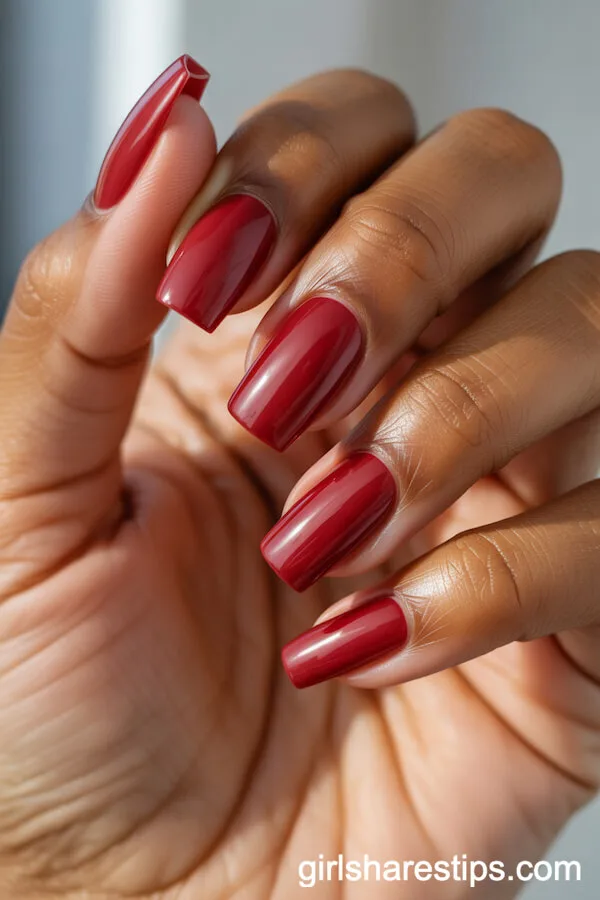 Cherry Red Coffin Nails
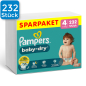 Preview: Vorderseite einer Packung Pampers Baby Dry Größe 4. Oben links ist ein blaues Viereck mit der Aufschrift "232 Stück"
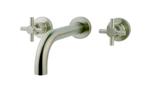 Cross inbouw-wastafelmengkraan 2-knops geborsteld staal, Verzenden, Nieuw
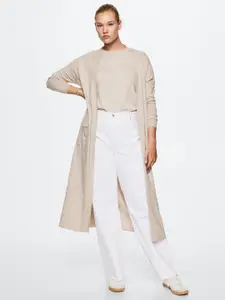 MANGO Women Off-White Sustainable Longline Front-Open Sweater with Belt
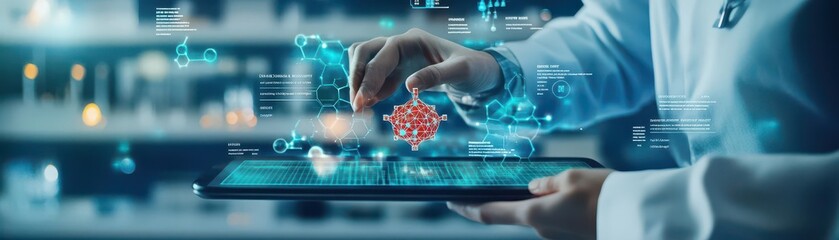 Poster - Holographic tablet display showing a 3D model of a drug compound, with a scientist manipulating the model in midair, surrounded by floating data on chemical properties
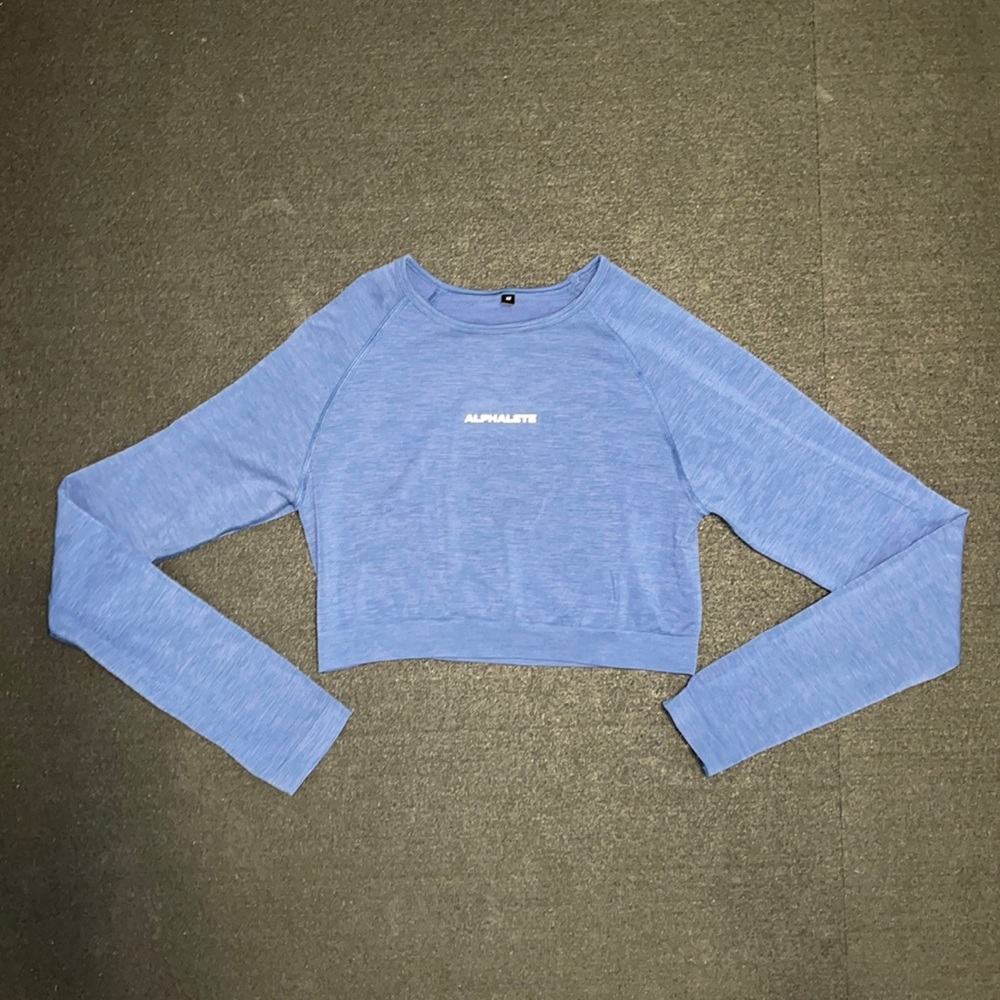 Oceania Blue Alphalete cropped long sleeve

▶ [YOUR GOAL]: Please transcribe the material above exactly as written. Leave the pictures out.

▶ [ANSWER TO THIS PROBLEM]:
 Cherry Red Coffin Nails
 Preview: Vorderseite einer Packung Pampers Baby Dry Größe 4. Oben links ist ein blaues Viereck mit der Aufschrift "232 Stück"
 Cross inbouw-wastafelmengkraan 2-knops geborsteld staal, Verzenden, Nieuw
 MANGO Women Off-White Sustainable Longline Front-Open Sweater with Belt
 Poster - Holographic tablet display showing a 3D model of a drug compound, with a scientist manipulating the model in midair, surrounded by floating data on chemical properties
 Oceania Blue Alphalete cropped long sleeve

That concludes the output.